Start of DATASET EXCERPTS

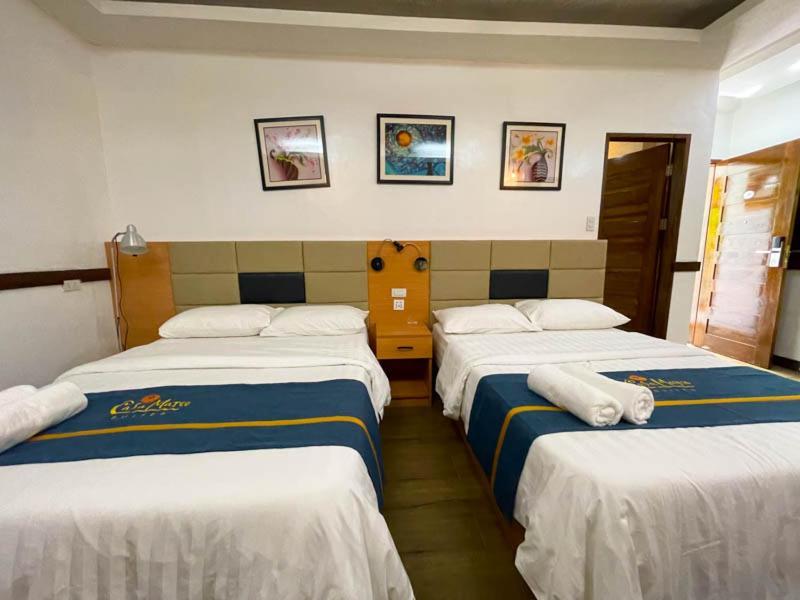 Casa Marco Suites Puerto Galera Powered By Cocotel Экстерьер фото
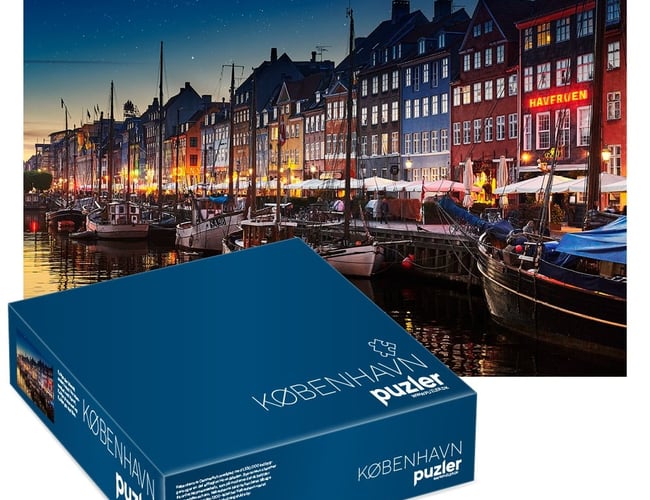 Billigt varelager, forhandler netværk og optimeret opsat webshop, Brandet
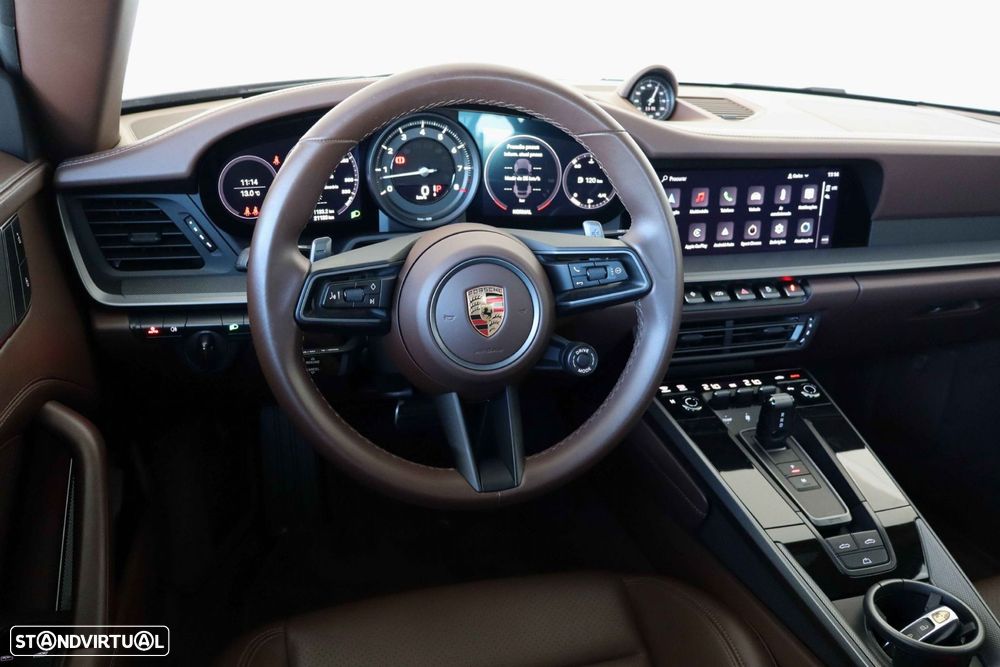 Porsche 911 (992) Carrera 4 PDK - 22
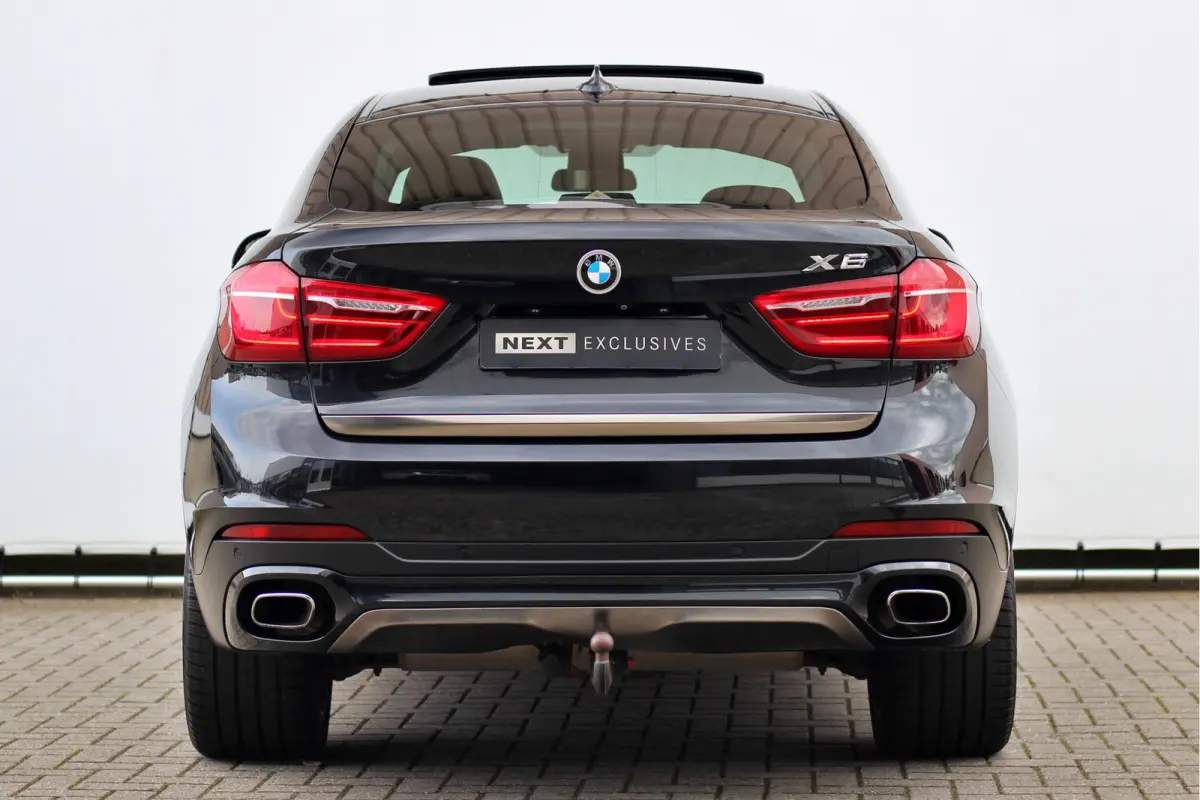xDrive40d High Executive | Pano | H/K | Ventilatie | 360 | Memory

End of DATASET EXCERPTS
Start of DATASET EXCERPTS

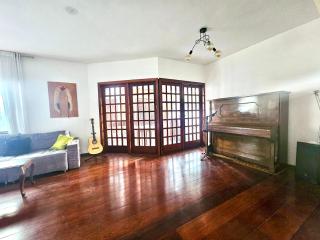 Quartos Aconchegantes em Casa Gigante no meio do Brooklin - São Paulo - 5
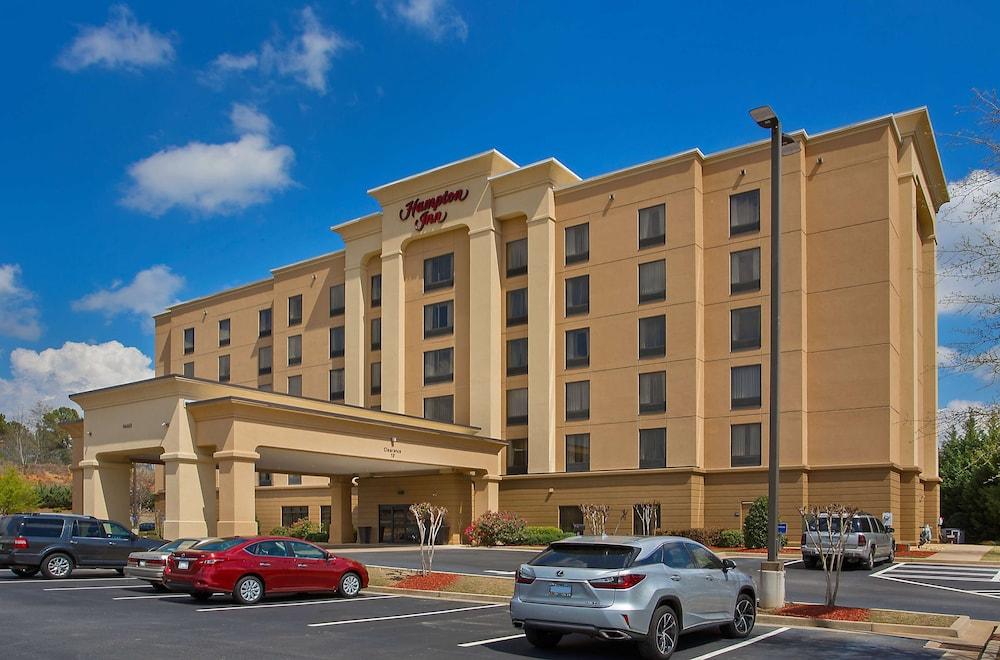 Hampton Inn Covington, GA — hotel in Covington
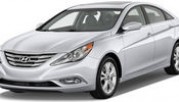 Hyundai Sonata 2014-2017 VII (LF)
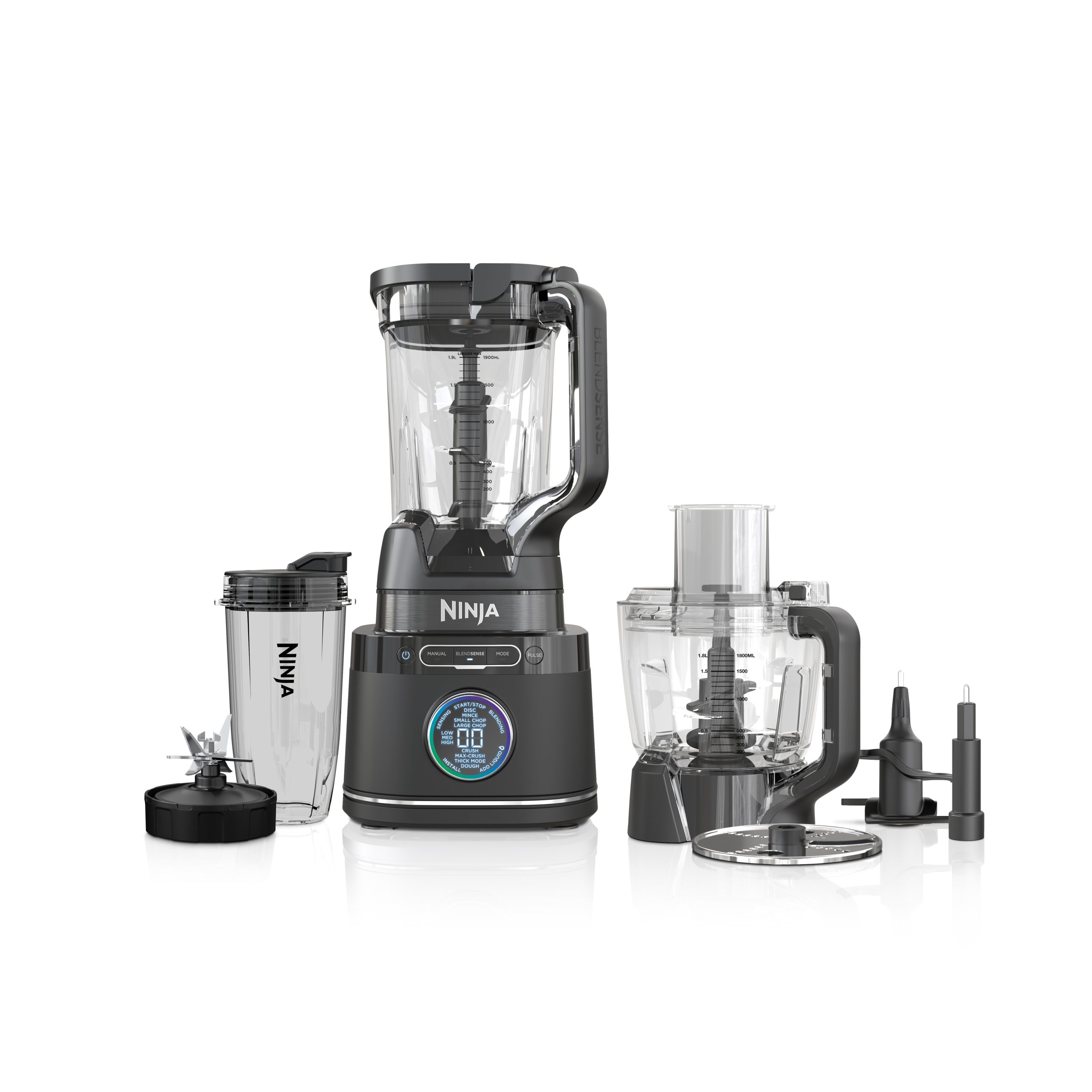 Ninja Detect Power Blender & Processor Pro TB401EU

End of DATASET EXCERPTS
Start of DATASET EXCERPTS

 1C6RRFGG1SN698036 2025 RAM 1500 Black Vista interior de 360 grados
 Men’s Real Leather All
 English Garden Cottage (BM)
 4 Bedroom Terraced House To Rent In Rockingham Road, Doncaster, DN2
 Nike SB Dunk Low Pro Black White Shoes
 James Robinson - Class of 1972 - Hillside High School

End of DATASET EXCERPTS

WORK INSTRUCTION:
Print nothing but the lines above starting with the line that contains "Billigt varelager, forhandler" and going on through the line that contains "xDrive40d High Executive". Leave out the pictures.

THE ANSWER:
 Billigt varelager, forhandler netværk og optimeret opsat webshop, Brandet
 Porsche 911 (992) Carrera 4 PDK - 22
xDrive40d High Executive | Pano | H/K | Ventilatie | 360 | Memory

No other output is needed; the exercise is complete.